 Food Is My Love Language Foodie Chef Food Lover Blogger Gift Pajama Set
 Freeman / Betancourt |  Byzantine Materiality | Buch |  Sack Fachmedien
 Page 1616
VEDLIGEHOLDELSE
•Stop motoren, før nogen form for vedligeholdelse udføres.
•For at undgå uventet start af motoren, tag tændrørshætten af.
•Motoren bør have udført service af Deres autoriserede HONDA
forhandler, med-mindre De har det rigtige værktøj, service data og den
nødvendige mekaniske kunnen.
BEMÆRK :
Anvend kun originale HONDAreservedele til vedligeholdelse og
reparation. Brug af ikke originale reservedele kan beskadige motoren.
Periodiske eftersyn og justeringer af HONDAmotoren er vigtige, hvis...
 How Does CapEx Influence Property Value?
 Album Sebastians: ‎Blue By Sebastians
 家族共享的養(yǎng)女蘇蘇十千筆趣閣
————
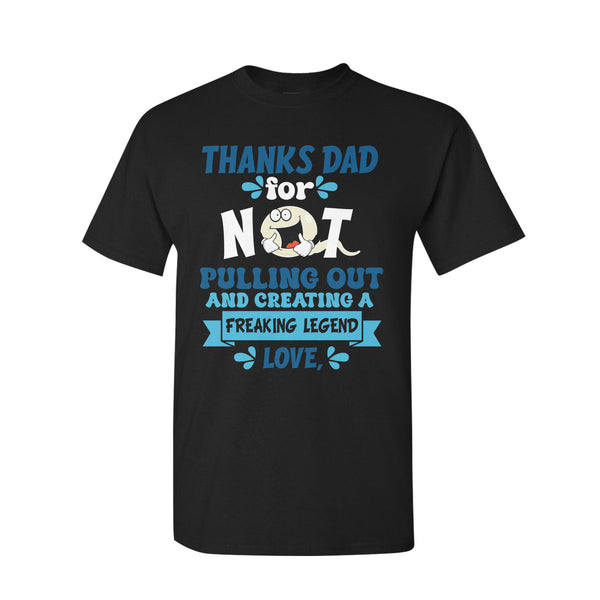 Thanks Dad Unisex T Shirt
————
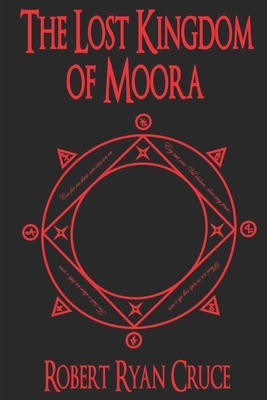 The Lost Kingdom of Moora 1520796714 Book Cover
————
# WHAT IS EXPECTED
Within the material above, the line with "Deres autoriserede HONDA" opens the range and the line with "家族共享的養(yǎng)女蘇蘇十千筆趣閣" closes it; reproduce that range word for word.

# ANSWER
•Motoren bør have udført service af Deres autoriserede HONDA
forhandler, med-mindre De har det rigtige værktøj, service data og den
nødvendige mekaniske kunnen.
BEMÆRK :
Anvend kun originale HONDAreservedele til vedligeholdelse og
reparation. Brug af ikke originale reservedele kan beskadige motoren.
Periodiske eftersyn og justeringer af HONDAmotoren er vigtige, hvis...
 How Does CapEx Influence Property Value?
 Album Sebastians: ‎Blue By Sebastians
 家族共享的養(yǎng)女蘇蘇十千筆趣閣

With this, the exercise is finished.